I have some comments:
* We're deprecating V3 keys. You should either not mention them, or
mention that they're deprecated.
On the other hand, you could just punt the whole issue by allowing a
fingerprint to just be a string of hex digits. The length tells you
what you need to know. If it's 128 bits in length, it's a V3 key; 160
means V4. Even key ids are implicit based on length. (And with V4 keys,
the key id is just a truncation of the fingerprint.)
* I also don't think you need the 0x. Just define it to be hexadecimal.
The breaker is needed to know that literals in a programming language
are of one base or another. Key IDs and fingerprints come in only one
base. I know it's a MAY. Drop it anyway, because if it's there, an
implementation has to handle both its presence and absence. It's merely
noise.
* I understand why you have the url header, and think it's nice. But
once you have that, (or the key is uniquely identified by key id or
fingerprint) you don't need the algorithm, size, and created fields.

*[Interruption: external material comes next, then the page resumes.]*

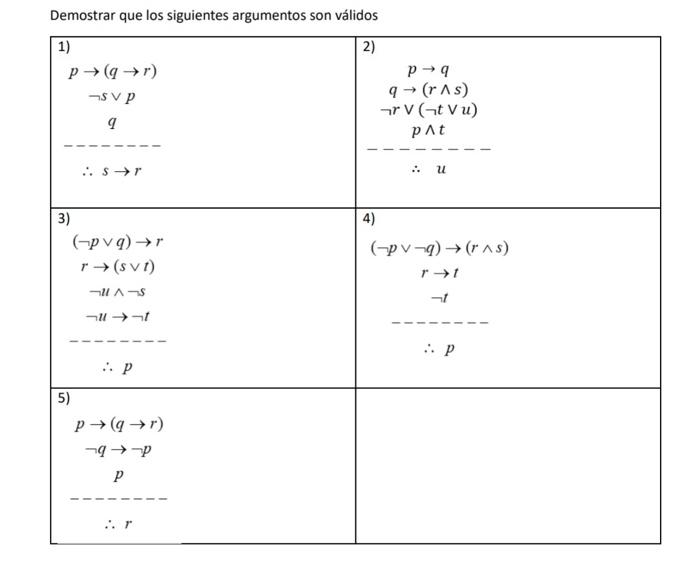 Demostrar que los siguientes argumentos son válidos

These are merely comments all on their own, and if you have them there,
you have to deal with what happens if they are wrong.
Let's suppose a URL points to my key and the header erroneously states
that it's a DSA key, when it is in fact an RSA key. Now what? What if
the creation time in the header is wrong? Since all that information is
in the key itself, better to just get it from the key.
So to answer the question in section 6, I think you should drop them.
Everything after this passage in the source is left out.